_What to produce_
The records are to be repeated in full, with the images removed.

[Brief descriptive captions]
▼
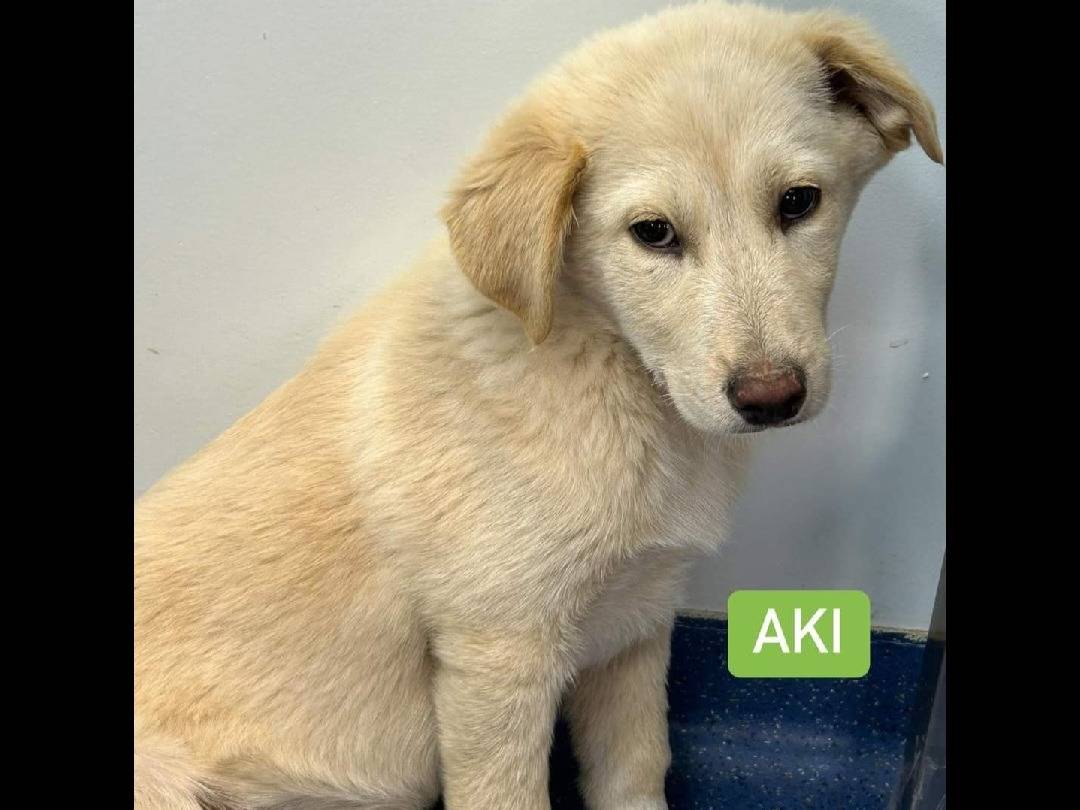 Adotta un cane, maschio, 1 anno e 4 mesi , Catanzaro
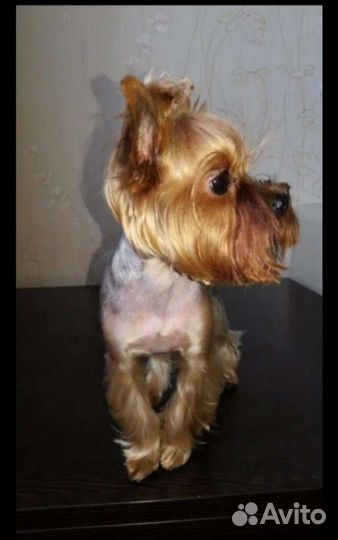 Стрижка собак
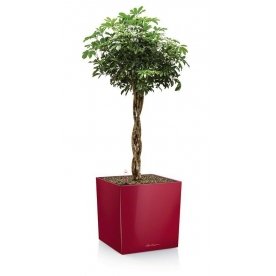 Кашпо Lechuza 16363 CUBE 40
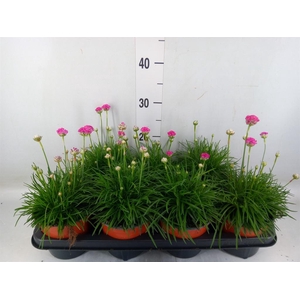 Armeria maritima 'Splendens'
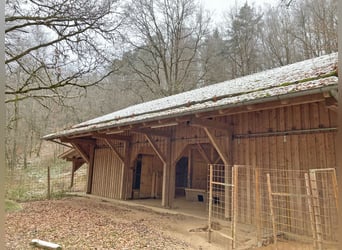 Privates Anwesen, ruhig im Grünen in Alleinlage gelegen, ideal für Pferde- und Naturfreunde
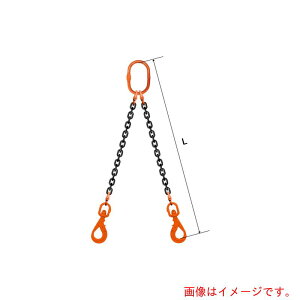 pewag�@�X�����O�`�F�[���@�_�u���i�A�C�^�C�v�j�@WE3�@8×5�D5M�@�y�i�ԁF035ZPWE3085S5�z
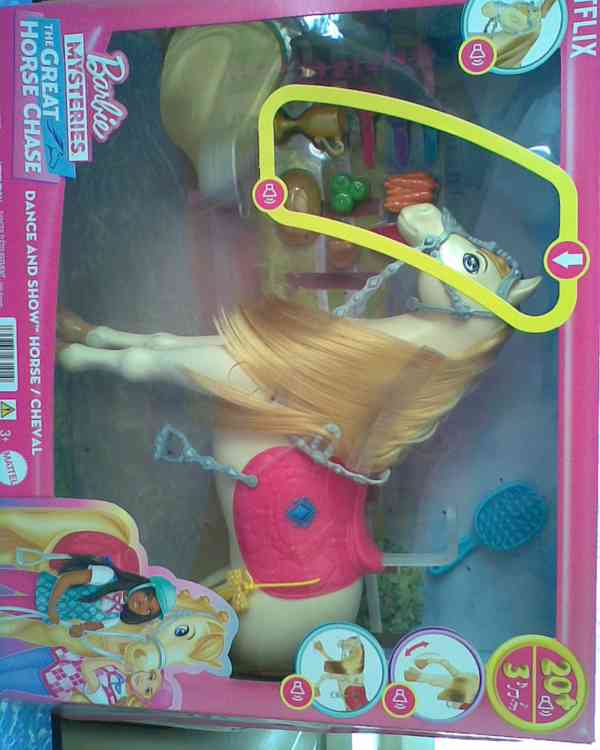 Nový koník se stájí a Barbie - foto 2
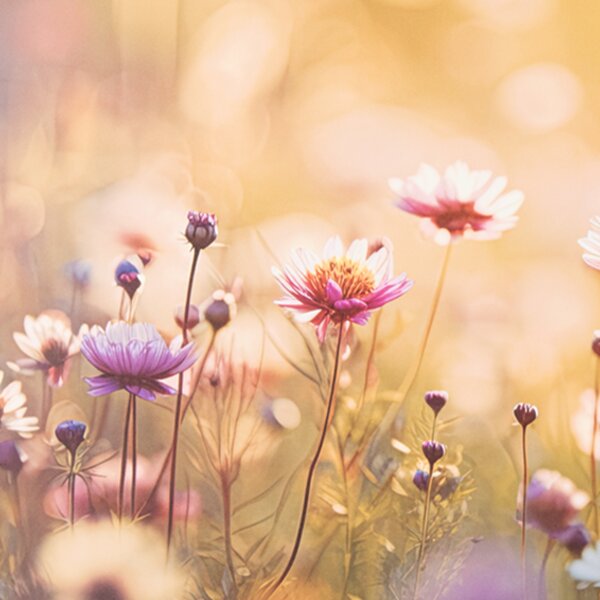 Prestieranie lúčne kvety 43x28 ​​cm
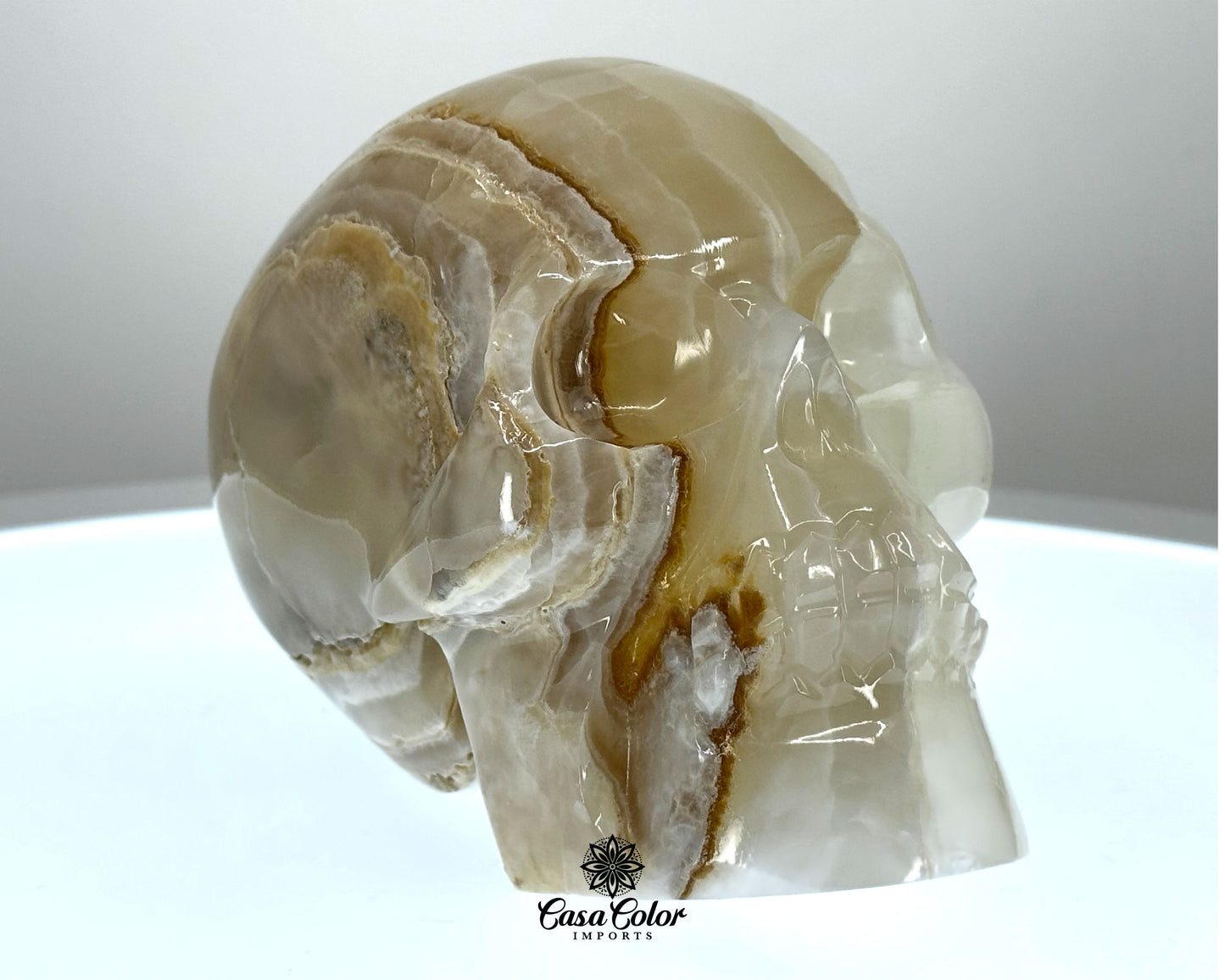 Beige and White Calcite Onyx Hand Carved Realistic Skull - 4.75"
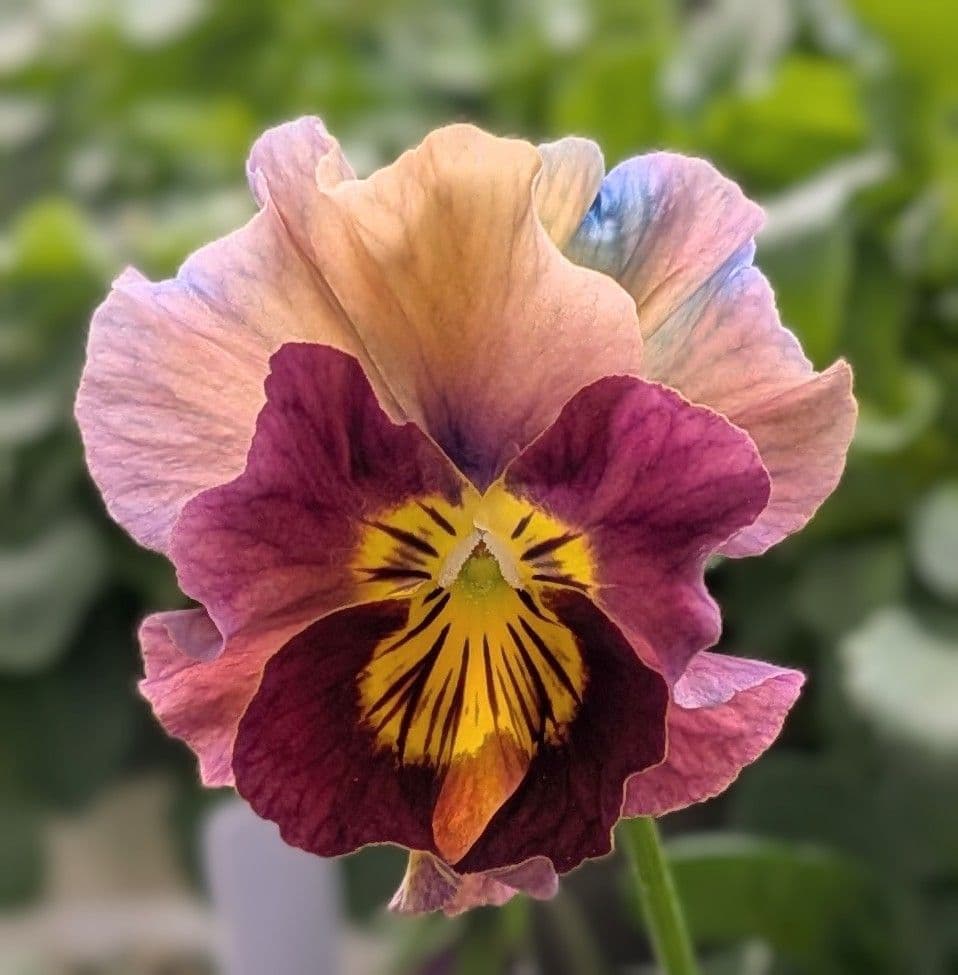 MIYABIのビオコレ①−MIYABI's Viola Collection −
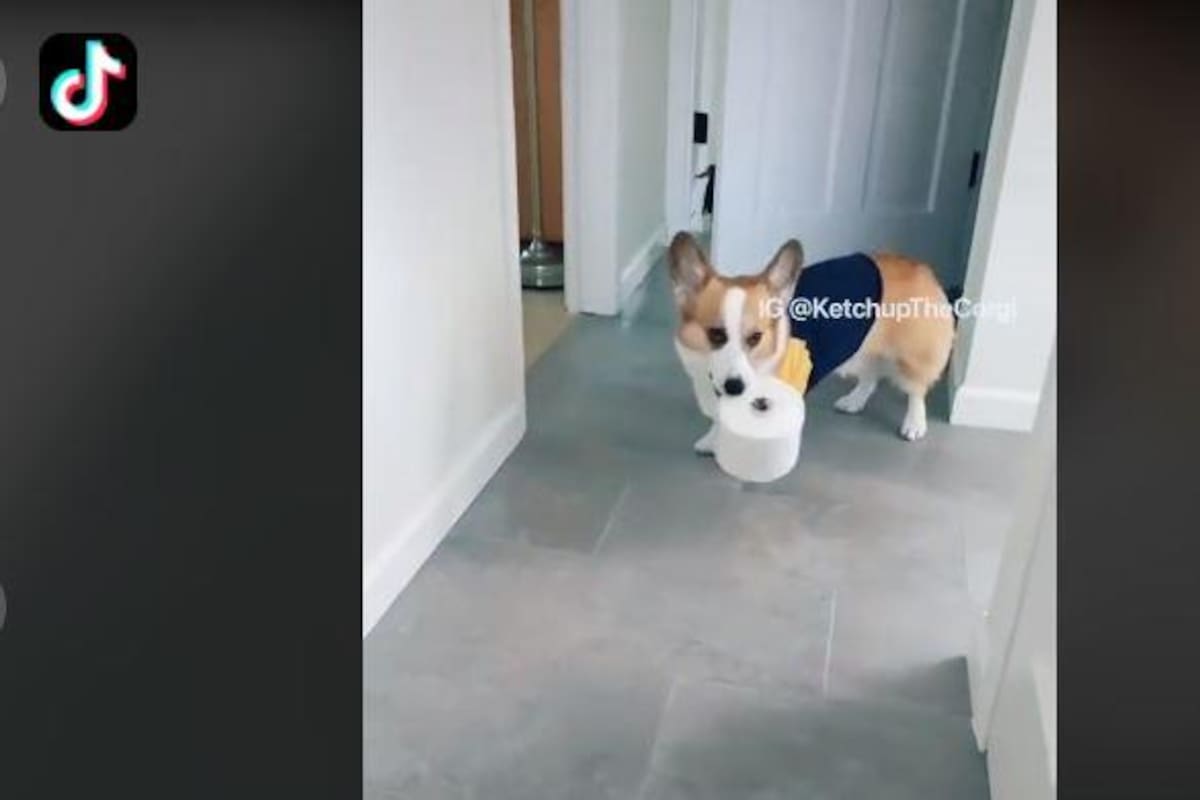 Este perrito le lleva papel higiénico a su dueña
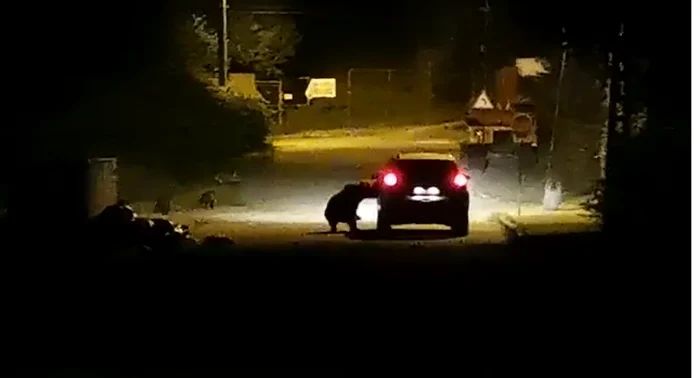 Ursoaica a sărit pe maşină în dreptul şoferului FOTO Captură VIDEO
▲
_Answer below_
 Adotta un cane, maschio, 1 anno e 4 mesi , Catanzaro
 Стрижка собак
 Кашпо Lechuza 16363 CUBE 40
 Armeria maritima 'Splendens'
 Privates Anwesen, ruhig im Grünen in Alleinlage gelegen, ideal für Pferde- und Naturfreunde
 pewag�@�X�����O�`�F�[���@�_�u���i�A�C�^�C�v�j�@WE3�@8×5�D5M�@�y�i�ԁF035ZPWE3085S5�z
 Nový koník se stájí a Barbie - foto 2
 Prestieranie lúčne kvety 43x28 ​​cm
 Beige and White Calcite Onyx Hand Carved Realistic Skull - 4.75"
 MIYABIのビオコレ①−MIYABI's Viola Collection −
 Este perrito le lleva papel higiénico a su dueña
 Ursoaica a sărit pe maşină în dreptul şoferului FOTO Captură VIDEO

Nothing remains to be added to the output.